The unprecedented growth of the Internet over the past decade and of data collection, more generally, has given rise to vast quantities of digital information, ranging from web documents and images, genomic databases to a vast array of business customer information. Consequently, it is of growing importance to develop tools and models that enable us to better understand this data and to design data-driven algorithms that leverage this information. This thesis provides several fundamental theoretical and algorithmic results for tackling such problems with applications to speech recognition, image processing, natural language processing, computational biology and web-based algorithms.

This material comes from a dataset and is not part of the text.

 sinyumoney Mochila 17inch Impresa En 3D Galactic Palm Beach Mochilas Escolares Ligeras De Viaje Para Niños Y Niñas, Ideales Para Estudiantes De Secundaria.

. Probabilistic automata provide an efficient and compact way to model sequence- oriented data such as speech or web documents. Measuring the similarity of such automata provides a way of comparing the objects they model, and is an essential first step in organizing this type of data. We present algorithmic and hardness results for computing various discrepancies (or dissimilarities) between probabilistic automata, including the relative entropy and the Lp distance; we also give an efficient algorithm to determine if two probabilistic automata are equivalent. In addition, we study the complexity of computing the norms of probabilistic automata.
. Organizing and querying large amounts of digitized data such as images and videos is a challenging task because little or no label information is available. This motivates transduction, a setting in which the learning algorithm can leverage unlabeled data during training to improve performance. We present novel error bounds for a family of transductive regression algorithms and validate their usefulness through experiments.
. Widespread success of search engines and information retrieval systems has led to large scale collection of rating information which is being used to provide personalized rankings. We examine an alternate formulation of the ranking problem for search engines motivated bythe requirement that in addition to accurately predicting pairwise ordering, ranking systems must also preserve the magnitude of the preferences or the difference between ratings. We present algorithms with sound theoretical properties, and verify their efficacy through experiments.
. Finally, price discovery in a market setting can be viewed as an (ongoing) learning problem. Specifically, the problem is to find and maintain a set of prices that balance supply and demand, a core topic in economics. This appears to involve complex implicit and possibly large-scale information transfers. We show that finding equilibrium prices, even approximately, in discrete markets is NP-hard and complement the hardness result with a matching polynomial time approximation algorithm.We also give a new way of measuring the quality of an approximation to equilibrium prices that is based on a natural aggregation of the dissatisfaction of individual market participants.